→ DATA UNDER STUDY:
*****

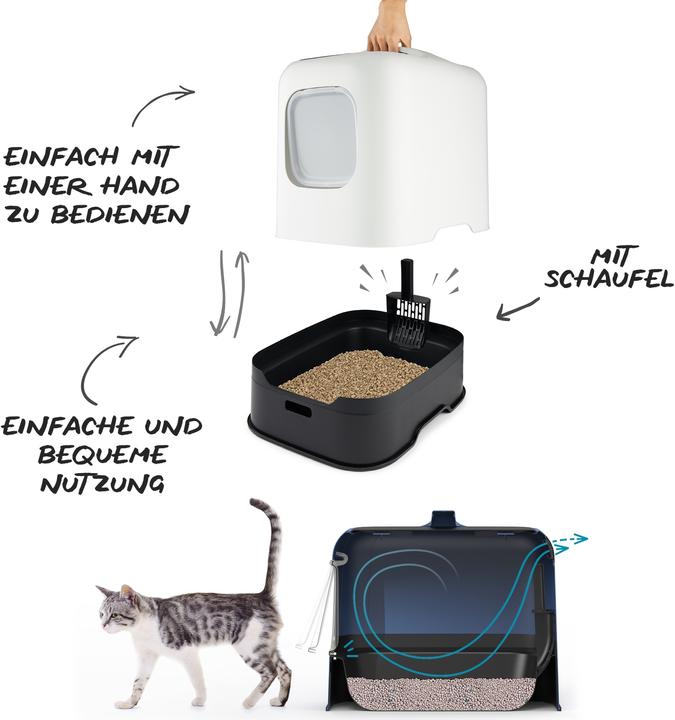 Image du produit Rotho Biala (Bac à litière fermé)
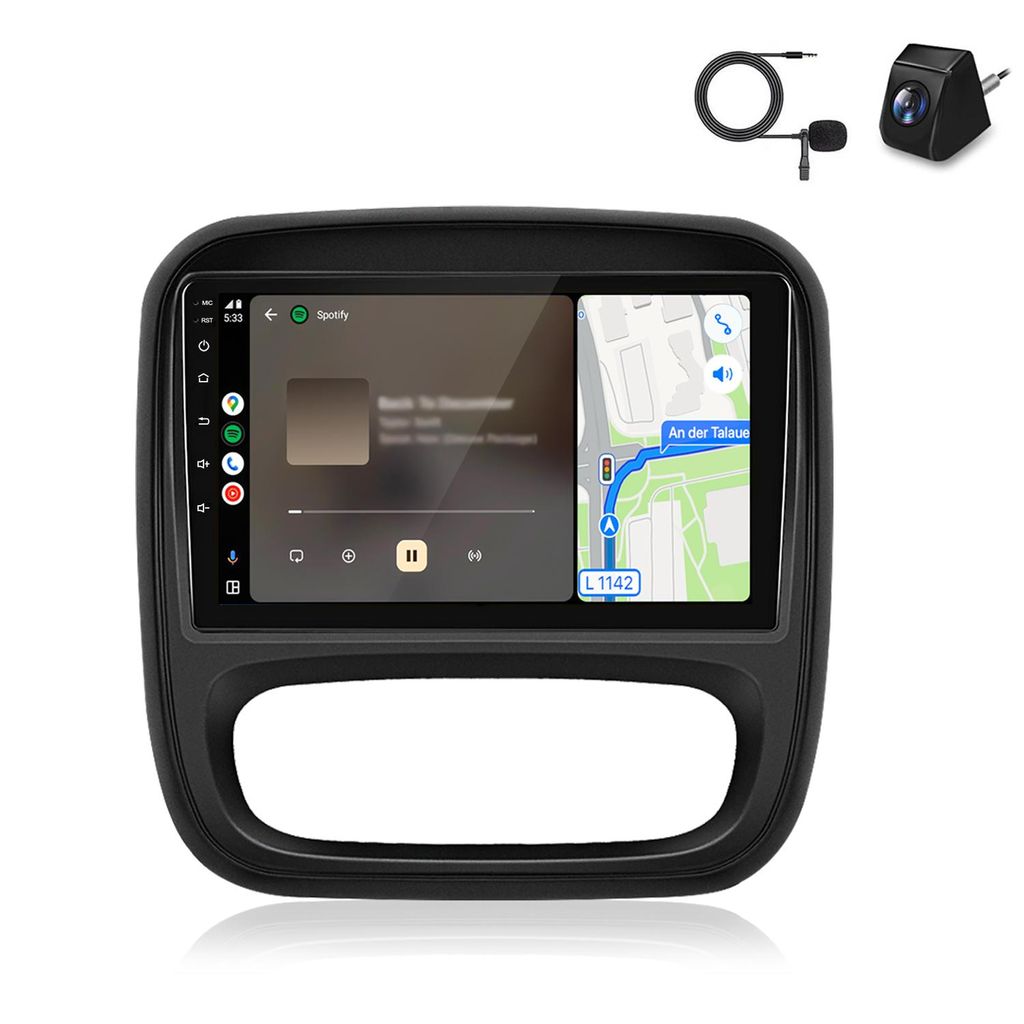 Android Autoradio 2+64GB Rückfahrkamera für Renault Trafic Produktbild 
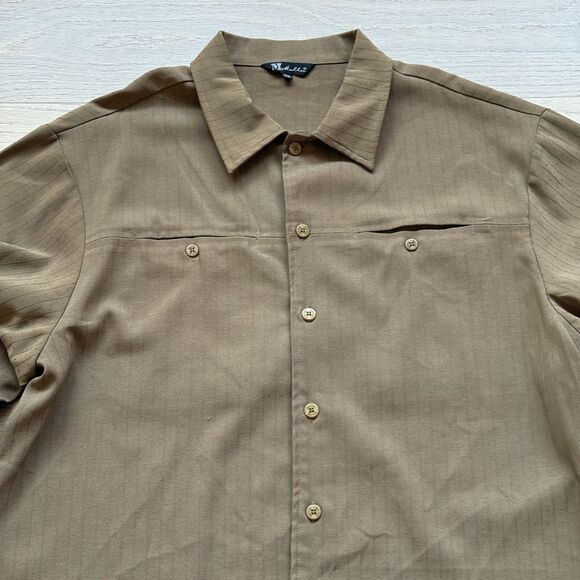 Vintage Maltos Shirt Men XXL Brown Retro Polyester Heavy - Picture 6 of 9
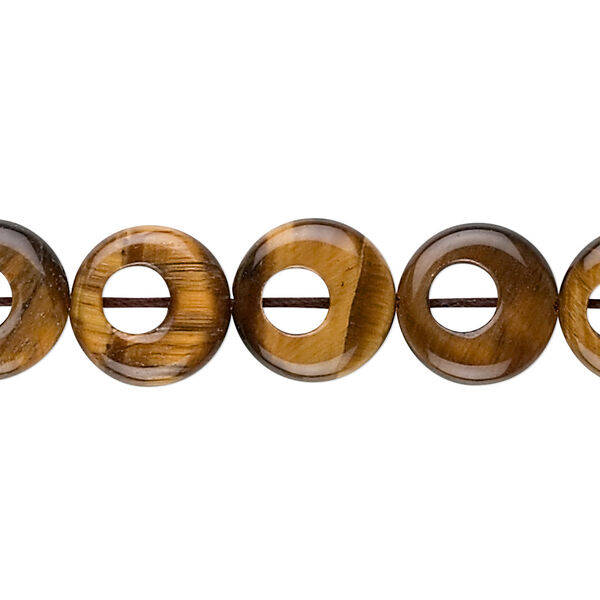 Tigereye 1pkg1, go-go bead natural approximately 8 inch 13mm image number 0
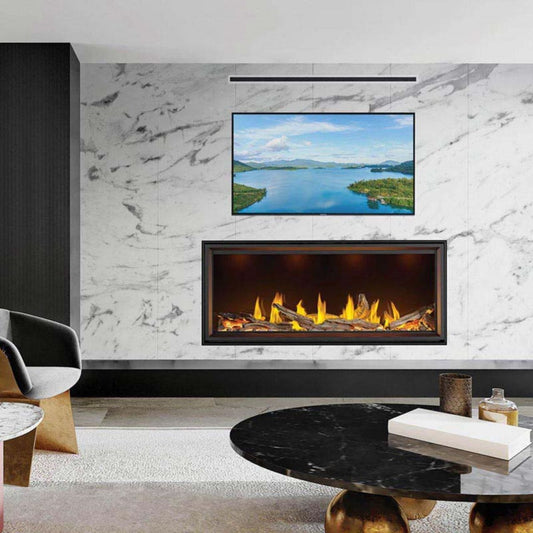 Napoleon Tall Linear Vector Direct Vent 62" Natural Gas Fireplace with Luminous Logs - TLV62N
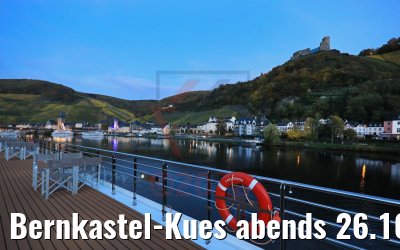 Bernkastel-Kues abends 26.10.2020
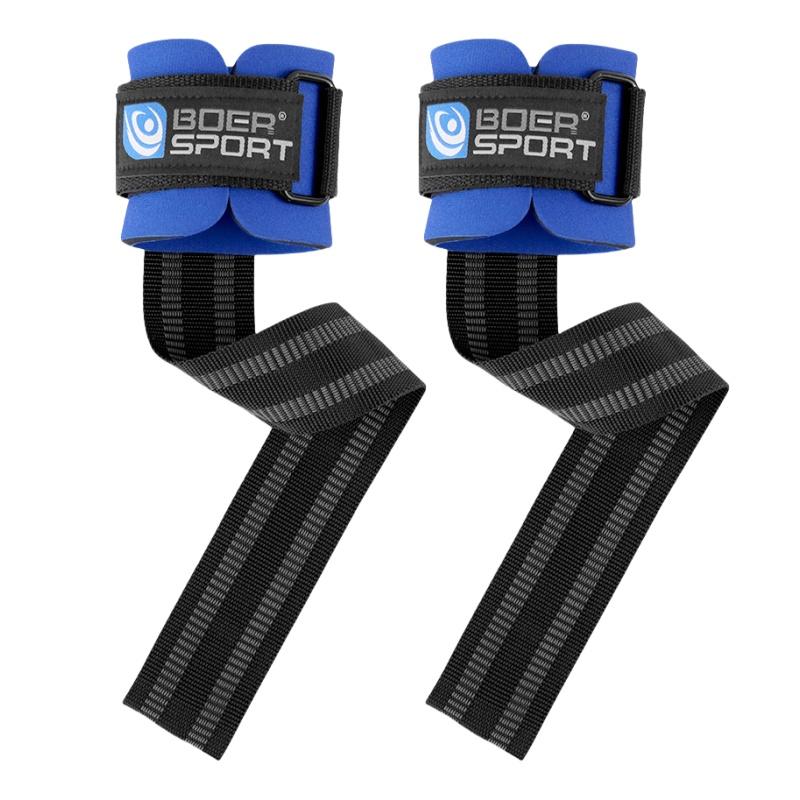 1 Pair Weight Lifting Straps With Wrist Support, Wrist Straps For Weightlifting, Workout Wrist Wraps For Deadlifting In Gym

*****

→ TO DO:
Repeat each entry above exactly, passing over any images.

→ REPLY TO THE TASK:
 Image du produit Rotho Biala (Bac à litière fermé)
 Android Autoradio 2+64GB Rückfahrkamera für Renault Trafic Produktbild 
 Vintage Maltos Shirt Men XXL Brown Retro Polyester Heavy - Picture 6 of 9
 Tigereye 1pkg1, go-go bead natural approximately 8 inch 13mm image number 0
 Napoleon Tall Linear Vector Direct Vent 62" Natural Gas Fireplace with Luminous Logs - TLV62N
 Bernkastel-Kues abends 26.10.2020
 1 Pair Weight Lifting Straps With Wrist Support, Wrist Straps For Weightlifting, Workout Wrist Wraps For Deadlifting In Gym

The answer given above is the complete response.